# Pictures of my two 10 gallon tanks



## redchigh (Jan 20, 2010)

The cories were photogenic, at least...
There are two tanks- The open-top with mosquitofish, and another with cories and livebearers... I have videos, but I can't upload without a wifi connection.


----------



## pop (Aug 29, 2012)

Hello redchigh:
I don’t understand why you need a wifi connection to upload videos, camera wireless connection only? If you have a 4G smartphone you should be able to connect with the phone.
Most routers are wifi as well as Ethernet capable. Its easy to setup a wireless home network using windows but you need a wireless card for computer. Click on start and from the menu click on connections and select wireless connection and windows will do it for you. You can also go to the control panel to get to connections. Access network devices using ip address or mac address of the device. All ip and mac address are unique.
I bought some books from you a while back and if you need assistance email me and I will walk you through the process. 

Wireless cards are affordable at www.egg.com

Nice pictures mine always turn out poorly.
pop


----------



## pop (Aug 29, 2012)

bad link sorry
pop


----------



## redchigh (Jan 20, 2010)

I have 3G, and my only internet is through my phone.

Fortunately, my gf has wifi...

























_Posted via Mobile Device_


----------



## Chesh (Feb 17, 2012)

C'mon, Red! Time for an update ^.^ What's going on in those tanks over there?!

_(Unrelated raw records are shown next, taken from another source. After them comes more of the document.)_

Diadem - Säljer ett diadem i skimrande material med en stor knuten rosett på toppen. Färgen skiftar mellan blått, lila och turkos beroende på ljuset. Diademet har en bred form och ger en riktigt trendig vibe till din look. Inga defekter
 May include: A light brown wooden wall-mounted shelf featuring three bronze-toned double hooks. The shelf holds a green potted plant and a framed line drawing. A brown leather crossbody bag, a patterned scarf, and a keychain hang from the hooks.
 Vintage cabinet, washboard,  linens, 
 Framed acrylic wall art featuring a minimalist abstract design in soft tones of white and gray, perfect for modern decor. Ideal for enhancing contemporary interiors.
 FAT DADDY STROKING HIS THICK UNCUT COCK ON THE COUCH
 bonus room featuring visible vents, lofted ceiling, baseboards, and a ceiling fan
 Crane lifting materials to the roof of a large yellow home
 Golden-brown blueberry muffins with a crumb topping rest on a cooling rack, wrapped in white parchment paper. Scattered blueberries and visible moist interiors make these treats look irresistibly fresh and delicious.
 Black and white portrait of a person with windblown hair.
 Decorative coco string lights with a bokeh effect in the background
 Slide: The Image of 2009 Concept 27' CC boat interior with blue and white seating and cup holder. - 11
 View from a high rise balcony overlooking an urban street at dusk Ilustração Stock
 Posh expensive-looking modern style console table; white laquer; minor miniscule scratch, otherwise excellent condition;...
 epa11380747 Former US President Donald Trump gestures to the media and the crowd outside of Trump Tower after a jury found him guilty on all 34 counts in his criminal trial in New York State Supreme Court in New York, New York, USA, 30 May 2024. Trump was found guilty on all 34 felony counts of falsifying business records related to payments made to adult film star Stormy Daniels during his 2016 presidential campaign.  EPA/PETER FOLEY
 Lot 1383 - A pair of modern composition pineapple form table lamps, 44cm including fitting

*I am aware that this Thread is rather old but I still want to make a reply.*


----------



## redchigh (Jan 20, 2010)

Chesherca said:


> C'mon, Red! Time for an update ^.^ What's going on in those tanks over there?!
> 
> *I am aware that this Thread is rather old but I still want to make a reply.*


ill make a new thread in the next week or so. 
_Posted via Mobile Device_


----------